Performance-based vesting conditions can yield proportionate vesting. On each of the first five anniversaries of the award date, all of the shares of Restricted Stock scheduled for time-based vesting on that date shall become vested if the performance-based vesting conditions stated in this Exhibit A.1 are fully satisfied. If the performance-based vesting conditions are instead partially satisfied, a corresponding portion of the Restricted Stock award scheduled to become vested on that date shall become vested and the remainder of the award scheduled to become vested on that date shall be forfeited. If the performance-based vesting conditions are wholly unsatisfied, the entire amount of the Restricted Stock award scheduled for time-based vesting on that date shall be forfeited.

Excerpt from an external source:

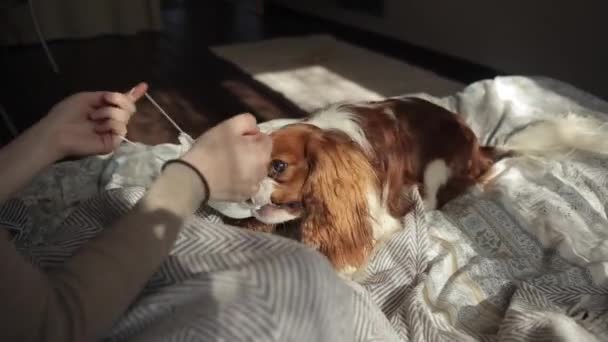 Een grappige video van een jong meisje die een beschermend masker op haar hond probeert te doen tijdens de quarantaine. Coronavirus. COVID-19 — Stockvideo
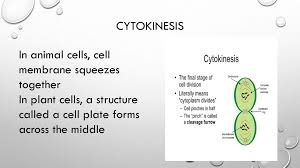 More images for what is cytokinesis called in animal cells » Cell Division What Are The Functions Of Cell Division Ppt Download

No vesting shall occur unless Intermountain Community Bancorp realizes net income for the preceding year. On each of the first five anniversaries of the award date the performance-based vesting conditions shall be considered wholly unsatisfied if Intermountain Community Bancorp had a net loss for the year end immediately before the award anniversary date, regardless of whether the performance-based vesting goals for the preceding year actually are satisfied. For this purpose Intermountain Community Bancorp’s net income (loss) means net income (loss) determined in accordance with generally accepted accounting principles, specifically the line item net income (loss) on the audited, Consolidated Statement of Operations for the years ended December 31. For example, on the 2015 award anniversary date the performance-based vesting conditions shall be considered wholly unsatisfied if Intermountain Community Bancorp reports a net loss for the year ended December 31, 2014 and the Grantee shall forfeit all of the shares scheduled to become vested on that 2015 award anniversary date, but this will not affect the portions of the award scheduled to become vested on the award anniversary dates in 2016 through 2019.

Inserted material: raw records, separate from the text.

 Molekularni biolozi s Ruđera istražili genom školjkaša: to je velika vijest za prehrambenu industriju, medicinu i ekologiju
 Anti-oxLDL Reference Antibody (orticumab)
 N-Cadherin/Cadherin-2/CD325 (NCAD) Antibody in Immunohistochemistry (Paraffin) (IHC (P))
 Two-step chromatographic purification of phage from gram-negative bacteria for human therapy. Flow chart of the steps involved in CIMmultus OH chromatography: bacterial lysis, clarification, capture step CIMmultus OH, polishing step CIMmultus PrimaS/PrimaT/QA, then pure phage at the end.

No vesting shall occur unless the Grantee’s most recent annual performance rating is satisfactory or better. On each of the first five anniversaries of the award date the performance-based vesting conditions shall be considered wholly unsatisfied if the Grantee’s most recent annual performance rating on that award anniversary date is not satisfactory or better, as determined by the Committee. All Committee determinations under this Exhibit A.1 and under the Restricted Stock Agreement of which this Exhibit A.1 is a part are final and binding. For example, if the Grantee’s most recent annual performance rating as of the 2015 award anniversary date is not at least satisfactory, the Grantee shall forfeit all of the shares scheduled to become vested on that 2015 award anniversary date (even if Intermountain Community Bancorp reports net income for 2014, even if all performance-based vesting conditions are otherwise satisfied, and regardless of whether the Grantee’s most recent annual performance rating occurred before, during, or after 2014), but this will not affect the portions of the award scheduled to become vested on the award anniversary dates in 2016 through 2019.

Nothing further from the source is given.